May 13, 2014 — There are two main problems with a public school Bible course developed by the president of Hobby Lobby, an arts-and-crafts retail chain that "is committed, according to its website, to 'honoring the Lord in all we do,'" according to a USA Today opinion piece by Stephen Prothero, an author and professor in Boston University's religion department.
Prothero notes that Hobby Lobby is at the center of a Supreme Court case seeking "a religious liberty exemption to the Affordable Care Act [PL 111-148]." Now, its president, Steve Green, "is promoting the Bible curriculum the [Mustang, Okla.] school board just adopted -- a curriculum he predicts will soon be adopted in hundreds, perhaps thousands, of American public schools," Prothero writes.

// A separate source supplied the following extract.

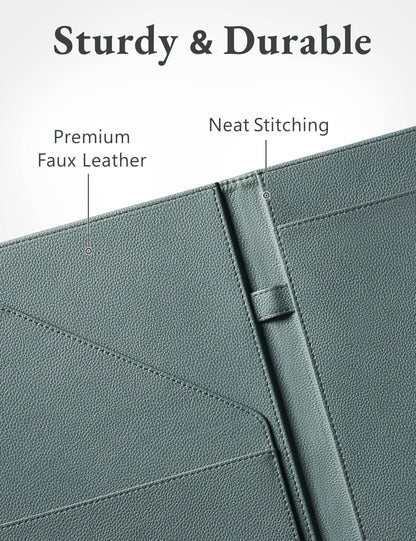 Mymazn Padfolio Portfolio Folder, Faux Leather Interview Resume Folder with Document Organizer & Business Card Holder, Letter-Sized Notepad Legal Pad Holder for Men Women (Grey Green)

Although more than 1,000 "public schools offer Bible as literature courses" and Green's course would be offered as an elective, it is problematic that the authors of the textbook have a "tendency ... to view virtually every Bible story through a Christian lens," Prothero argues.
He also raises concern about "the inability of the textbook's authors to resist the temptation to assert the Bible's truth," Prothero argues.
Prothero writes that Green has "every right" to his belief that the Bible is "'true'" and "'good'," as Green described it in an April 2013 speech to the National Bible Association. However, "there is no place under the Constitution for a textbook that requires public school students to pledge their allegiance to it," Prothero concludes (Prothero, USA Today, 5/11).